WHAT THE TASK ASKS:
Send back the line that contains "健身房的跑步机怎么用?（健身房的跑步机怎么用）" and all lines following it through the end of the data below, exactly, omitting pictures.

INPUT DATA:
BEGIN

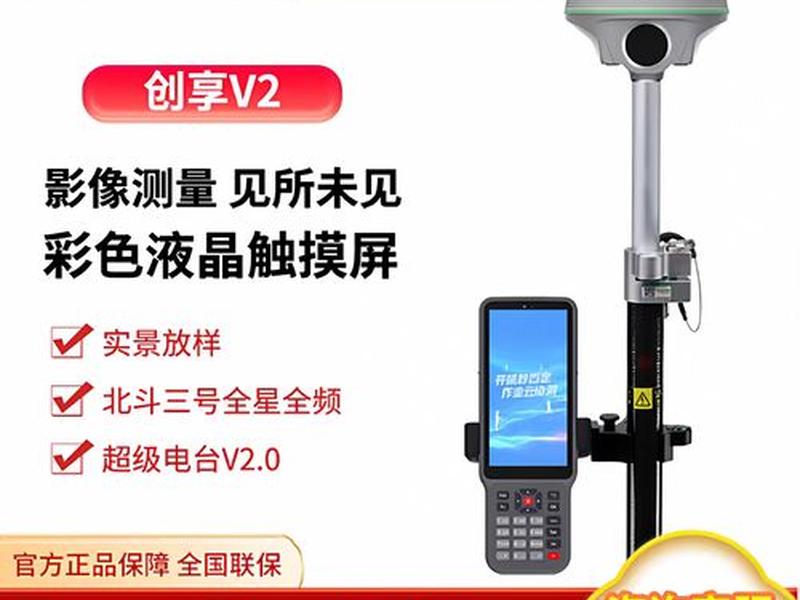 南方测绘gps使用视频,南方测绘gps使用方法视频 南方测绘gps使用视频,南方测绘gps使用方法视频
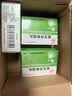 【3盒装】[天士力]复方丹参滴丸27mg*180丸/盒 实拍图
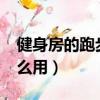 健身房的跑步机怎么用?（健身房的跑步机怎么用）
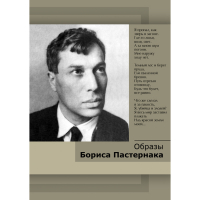DVD Образы Бориса Пастернака - «globural.ru» - Пенза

END

EXERCISE ANSWER:
 健身房的跑步机怎么用?（健身房的跑步机怎么用）
DVD Образы Бориса Пастернака - «globural.ru» - Пенза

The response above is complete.